**Instructions for the task**
Repeat the listing beneath this line exactly, keeping every character.

**Data records**
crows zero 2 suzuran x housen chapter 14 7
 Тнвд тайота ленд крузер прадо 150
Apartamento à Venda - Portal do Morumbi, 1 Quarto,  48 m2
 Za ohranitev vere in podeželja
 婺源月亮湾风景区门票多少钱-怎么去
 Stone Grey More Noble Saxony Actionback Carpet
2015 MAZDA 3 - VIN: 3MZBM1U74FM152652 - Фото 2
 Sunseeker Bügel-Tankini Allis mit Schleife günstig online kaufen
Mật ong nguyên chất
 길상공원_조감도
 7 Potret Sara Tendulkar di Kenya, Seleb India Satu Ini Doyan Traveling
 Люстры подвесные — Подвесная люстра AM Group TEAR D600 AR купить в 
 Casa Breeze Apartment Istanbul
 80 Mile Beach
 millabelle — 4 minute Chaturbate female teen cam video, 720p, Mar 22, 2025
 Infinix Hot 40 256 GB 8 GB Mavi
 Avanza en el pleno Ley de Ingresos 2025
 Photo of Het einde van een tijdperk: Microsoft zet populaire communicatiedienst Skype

**Solution below**
crows zero 2 suzuran x housen chapter 14 7
 Тнвд тайота ленд крузер прадо 150
Apartamento à Venda - Portal do Morumbi, 1 Quarto,  48 m2
 Za ohranitev vere in podeželja
 婺源月亮湾风景区门票多少钱-怎么去
 Stone Grey More Noble Saxony Actionback Carpet
2015 MAZDA 3 - VIN: 3MZBM1U74FM152652 - Фото 2
 Sunseeker Bügel-Tankini Allis mit Schleife günstig online kaufen
Mật ong nguyên chất
 길상공원_조감도
 7 Potret Sara Tendulkar di Kenya, Seleb India Satu Ini Doyan Traveling
 Люстры подвесные — Подвесная люстра AM Group TEAR D600 AR купить в 
 Casa Breeze Apartment Istanbul
 80 Mile Beach
 millabelle — 4 minute Chaturbate female teen cam video, 720p, Mar 22, 2025
 Infinix Hot 40 256 GB 8 GB Mavi
 Avanza en el pleno Ley de Ingresos 2025
 Photo of Het einde van een tijdperk: Microsoft zet populaire communicatiedienst Skype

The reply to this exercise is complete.